In fact, this is if anything the most colony/Dalek-heavy episode, while the TARDIS regulars get much less to do, especially in the first half. There’s the curious absence of Ben (locked up by the rebels and left unseen, like Polly last episode) and the incarceration of the Doctor in a grimy jail cell. On the plus side, we do get Anneke Wills’ return as Polly, who is a perhaps more immediately compassionate and earnest presence than the Doctor and Ben. She’s thrust right into the thick of things and gets a few good scenes opposite Janley and Valmar (regrettably she also gets lines like “you think you’re tough, don’t you, pushing a girl around. I’d like to see you come up against a real man. Like Ben, for instance” and spends too much of the time parroting the Doctor’s arguments). Her obvious soft spot for Quinn is kind of cute, however.

It’s interesting that, in these pre-sonic screwdriver days, Troughton’s very first story features him playing about on a recorder and making sonic vibrations with a water glass. On the one hand, the “recorder-unlocks-the-door” guff is daft plotting, and yet it is exactly the kind of incongruous silliness we will get with the sonic screwdriver in later years. There’s also something oddly perfect about the Doctor breaking out of authoritarian confines using a childlike and whimsical musical instrument. And yet, in one sense, the Doctor continues to disappoint us. Even his one effort against the Daleks here – blocking a door with a spanner – hardly holds them back for long. Why is this new man not doing anything proactive? Why is he letting the Daleks grow so powerful and take over the colony so effectively? When is he going to save the day, dammit? (spoiler: in Episode 6). There’s almost a sense in which he wants to let these idiotic humans balls things up so badly, despite all his warnings to the contrary, so that at the eleventh hour, when things are at their worst, he can swoop in and save them.

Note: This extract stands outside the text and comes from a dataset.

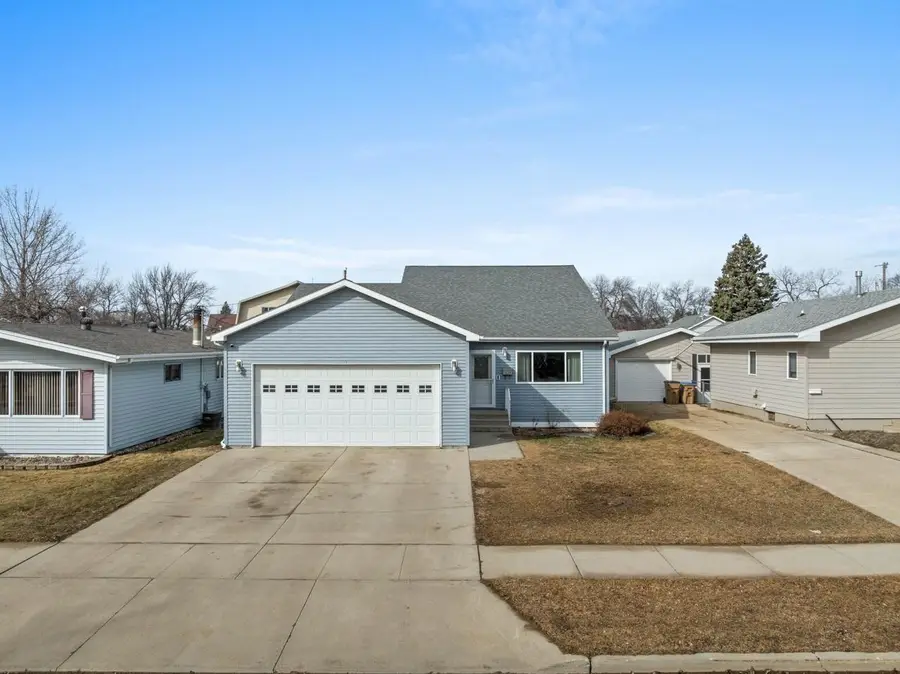 1624 1st St SE, Minot, ND 58701 - #3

Throughout this story we’ve seen how the humans have been scheming and plotting in their various different ways – the primary thrust of it being Bragen’s rebellion against his Governor so that he can rule the colony for himself. This accelerates at a rapid pace here, as Hensell returns, finds his colony crawling with Bragen’s private guard and, sure enough, is exterminated by a Dalek at his own desk under Bragen’s command. What this gestures to – and it’s very significant for the overall ambitions of the story – is how brutal and cut-throat a storyline this would have been even without the Daleks. The humans do all this to themselves. The Daleks are just the external embodiment of their worst excesses, the point at which we no longer recognise what friendship or compassion means. In turn, David Whitaker puts one of this story’s all-time brilliant lines of dialogue – and brilliantly simple, too, the kind of line a child watching in 1966 could perfectly well have understood – into the mouth of a Dalek. “Why do human beings kill human beings?” it asks Bragen, a Dalek itself questioning the human notion that we are in some way morally superior to them. It cannot understand why we kill our own kind, why our nature is red in tooth and claw. And Bragen cannot answer. How could he?

Read my take on the sixth episode here.

Other things:
Badass Polly: “And when you’ve won, the Daleks will just go back to being servants again? You’re bigger fools than I thought.”
I’ve just thought of another way in which the Dalek dependence on static electricity is rather apt – static, fixed in one state, unmoving. Much like the Daleks themselves.
“There’s no one to interfere with our plans.” *camera cuts to the Doctor* - nicely played.
“You forget, Hensell, they’re not your guards. They’re mine.”
Note how Bragen quickly takes the gun-stick off the Dalek once it has dispatched Hensell; he knows better than to trust them.
A rare moment of Dalek humour (even if there’s a chilling implication behind it): “With static power the Daleks will be twice as…useful.”
The biggest cliff-hanger yet, as an entire army of crazed Daleks embarks hell-bent on destruction: “DALEKS CONQUER AND DESTROY!”